Yeah i'ma klutz lol.

i have a lot more lol

Dayna - July 30, 2005 08:03 PM (GMT)
These are some things I did yesterday:

I was talking to my sister about wasting stuff and I said "waste makes haste. isn't that one of those things people say?" and she just looked at me and said "it's haste makes waste"

The restaurant we were eating lunch at has their silverware in plastic packages. I was trying to rip open the package and couldn't get it open. Then I realized they have the top unsealed so you can just take the silverware out.

My sister and I were talking about people's hearts and where they were. I asked what side of your body your heart is on and she told me the left side, so I asked if left-handed people's hearts were on the same side as people that are right-handed. She was like "The left side of your body is the left side no matter which hand you use, you idiot"

~Meg~ - July 30, 2005 08:13 PM (GMT)
ive had many ... umm... but im going to tell you a blond moment my friend had cuz its funny!

Jaime:(my friend) Soooo.... did the red sox when the superbowl??
Me: Ummm..... idk... (blond moment for me)
Jaime: i hope they did cuz their a good team....
We didnt realize in till like 5 minutes later that they cant win the superbowl...! lol :whis

Dayna - July 31, 2005 05:32 AM (GMT)
I just remembered one that my sister told me. It's something her friend said. My sister was riding home (we live in IL) from Indiana with her friend and her friend's mom. This happened when they drove through Oakland, IL.

my sister's friend: Oakland.
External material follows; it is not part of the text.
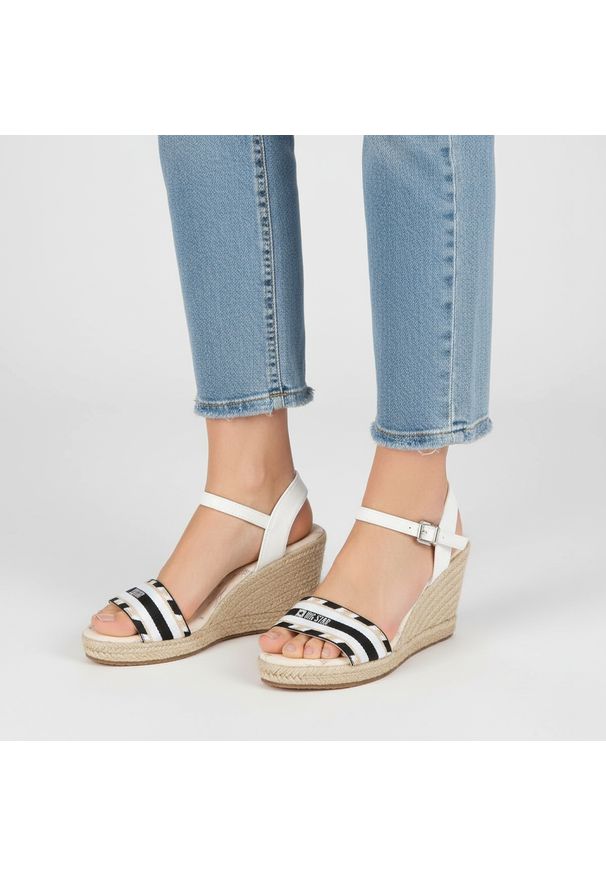 Big-Star - Białe Sandały Big Star Modne Espadryle Damskie. Okazja: na co dzień. Zapięcie: pasek. Kolor: biały. Szerokość cholewki: normalna. Wzór: nadruk, aplikacja, paski. Materiał: materiał. Sezon: lato. Obcas: na koturnie. Styl: casual, wakacyjny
Isn't that where that one football team is from, mom? the A's or something?

my sister and her friend's mom: (they were laughing really hard) Oh my god!! you mean the Oakland A's!!!??? They're from Oakland, CALIFORNIA!!! and they aren't even football, they are a baseball team!!

Same - August 1, 2005 06:54 PM (GMT)
this wasnt really a blonde moment.. more like a blonde thing...
i like swung the trash to get it outside the door, well it swiped my foot, and there was glass in it :o
no further details..

jenn_h - August 1, 2005 06:58 PM (GMT)
QUOTE (Kahne9Sorenson41 @ Aug 1 2005, 02:54 PM)
this wasnt really a blonde moment.. more like a blonde thing...
i like swung the trash to get it outside the door, well it swiped my foot, and there was glass in it :o
no further details..

Ouch!

Krista - August 6, 2005 07:50 PM (GMT)
Yesterday i went to the store with my mom, we were walking down the produce aisle when i saw the lemon display, and asked my mom when they started to sell green lemons? My mom was like uhh dear those are limes. I Couldn't help but start laughing at my blonde moment!!. My mom thought i was nuts.

Dayna - August 8, 2005 08:19 PM (GMT)
Today, I pressed the guide button on the remote to try and see the guide before I even turned on the TV or the Directv.

When I was done with my bowl and spoon, I almost put them in the fridge instead of taking them to the sink to wash them.

kimmerlh - August 8, 2005 08:31 PM (GMT)
when sitting at the McD's after a concert this weekend, it was about 1230am i was amped and had another hr half drive home.

I got in the car with my friend and put it in gear and hit the gas....problem...i needed to go backwards and I put my car into drive. lets just say that parking barriers make great speed bumps!